Exercise. Your output should be exactly the lines from the one containing "Mazda Mazda3 2.0" through the final line of the following data, please, with no pictures.

┌─ Data provided

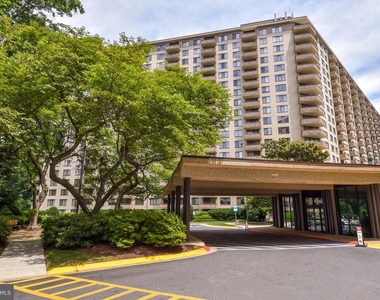 5225 Pooks Hill Road - Photo Thumbnail 1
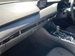 Mazda Mazda3 2.0 SKYACTIV-G MHEV Sport Lux Auto Euro 6 (s/s) 5dr 5dr Automatic 2019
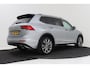 Volkswagen Tiguan Allspace 1.5 TSI Highline R-Line 7p. | CarPlay | Adap. Cruise | Sportstoelen | Stoelverwarming | 20" Velgen
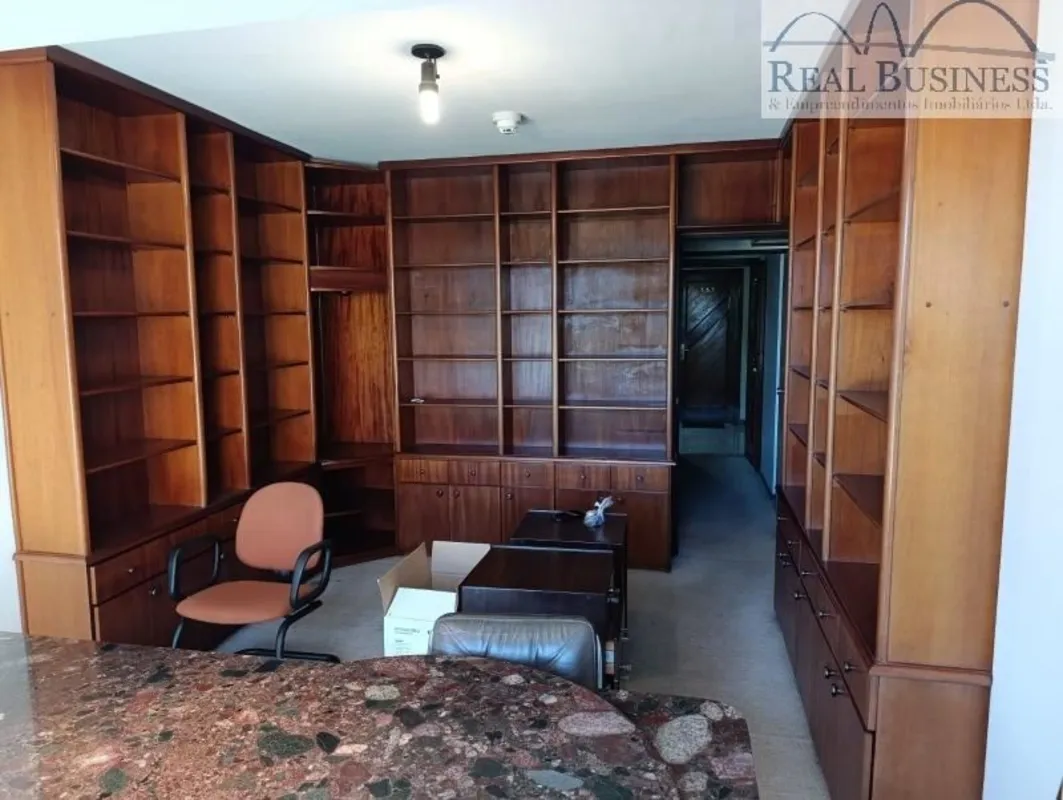 VENDE EXCELENTE SALA EM LOCAL PRIVILEGIADO DE BRASILIA DFVocê está em busca de u...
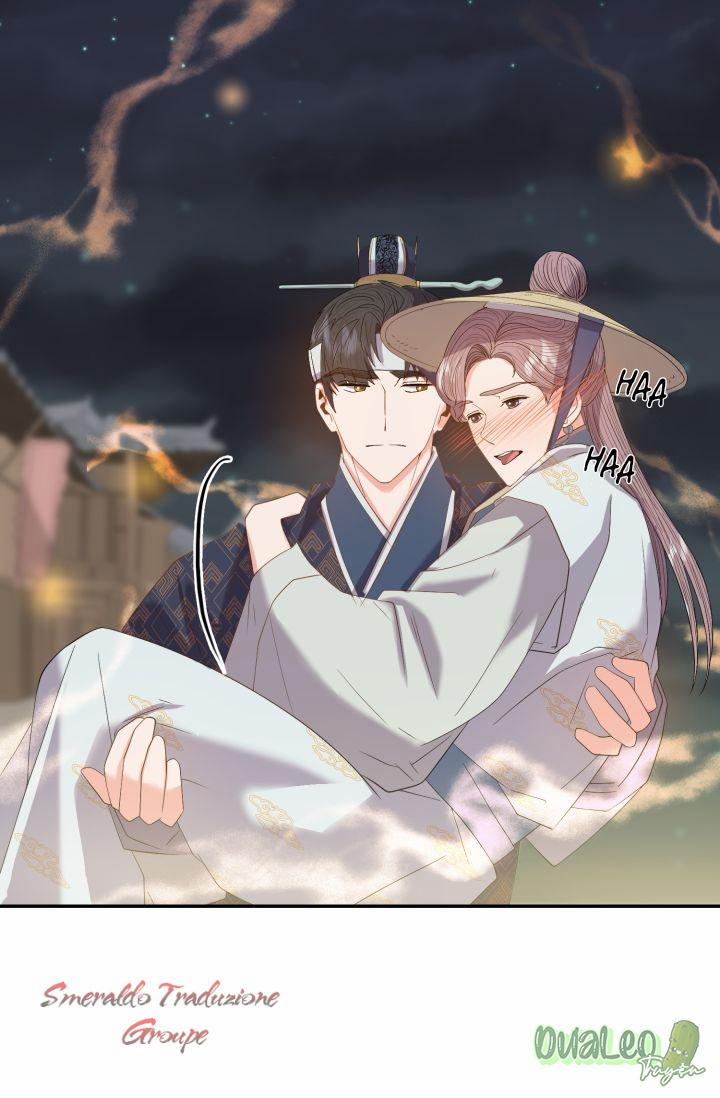 Cống Vật 16 trang 44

└─

Task output.
 Mazda Mazda3 2.0 SKYACTIV-G MHEV Sport Lux Auto Euro 6 (s/s) 5dr 5dr Automatic 2019
 Volkswagen Tiguan Allspace 1.5 TSI Highline R-Line 7p. | CarPlay | Adap. Cruise | Sportstoelen | Stoelverwarming | 20" Velgen
 VENDE EXCELENTE SALA EM LOCAL PRIVILEGIADO DE BRASILIA DFVocê está em busca de u...
 Cống Vật 16 trang 44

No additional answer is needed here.